Publication of a tender by the Housing and Construction Ministry or the Israel Lands Administration to solicit bids from contractors is the last stage before earthwork at a site begins, so these numbers reflect actual construction expected in the near to medium term.
The government made its medium-to-long term intentions equally clear last year, with a sharp increase in the number of housing units approved by government planning committees, according to the Ir Amim association, which seeks to "expose key developments in order to halt harmful government actions" that "threaten to derail negotiations on final status issues," according to its website.
According to Ir Amim, 6,932 units were approved for future construction in 2012, compared to 1,772 homes in 2011 and 569 in 2010. The largest building plans were approved for Gilo, Har Homa and Givat Hamatos in southern Jerusalem, and Pisgat Ze'ev and Ramat Shlomo in northern Jerusalem. These figures do not include the decision to build in the E-1 area between Jerusalem and Ma'aleh Adumim.
The data show that the previous record year for East Jerusalem construction was 2008, under the Olmert government, when 970 units were approved by planning committees and tenders were published for 1,931 homes. The following year, the Netanyahu government's first, tenders were published for 1,021 homes.

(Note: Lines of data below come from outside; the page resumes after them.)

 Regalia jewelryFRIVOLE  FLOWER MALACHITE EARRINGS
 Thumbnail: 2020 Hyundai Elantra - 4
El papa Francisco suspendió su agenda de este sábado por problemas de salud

The two following years, 2010 and 2011, however, saw a marked slowdown. The approval of a plan to build 1,600 homes in Ramat Shlomo during a visit by U.S. Vice President Joe Biden was considered a watershed event in this regard, as it caused a deep crisis with the United States. From that point, the Prime Minister's Office closely monitored plans for building over the Green Line, and numerous plans were either rejected or removed from the planning committees' agendas. In 2010, only 506 homes were approved by planning committees for Jerusalem, and in 2011 there were even fewer, 312.
But last year, an election year in the United States, either the administration's pressure dropped or it had less influence; it's possible that Israeli officials also believed U.S. President Barack Obama, a frequent critic of Jerusalem construction plans, would not be reelected. Whatever the case, the restraints on the planning committees were dropped, and thousands of apartment plans were approved.
A substantial number of these committee approvals were swept through following the successful bid by the Palestinian Authority to achieve nonmember state observer status at the United Nations, which was only a few weeks ago. But the tenders issued have nothing to do with that development, since preparing tenders for large construction projects is a lengthy process.
Just on Wednesday the Jerusalem Local Building and Planning Committee approved a plan to build six hotels with a total of more than 1,000 rooms.
"There's nothing here that's natural or coincidental," said Yehudit Oppenheimer, Ir Amim's director. "We know that the Prime Minister's Office keeps a careful eye on these decisions. This is a huge move toward changing the reality in Jerusalem without conducting a public debate about it.
"The only discussion is over whether Jews are allowed to build over the Green Line, but we're missing the big picture," continued Oppenheimer. "Jerusalem has become 'Greater Jerusalem,' in which Ma'aleh Adumim and Gush Etzion are part of the city. This reality traps within it a large Palestinian population, with all its religious and symbolic assets, with no civil status and with no rights, while the Jewish majority has a monopoly on the mechanisms of power and control.
"This is a disaster for Jerusalem as a city and for its people," she added. "If the government is looking to create a binational and multi-religious city, this can only be sustained with full cooperation and a division of the symbolic and physical resources."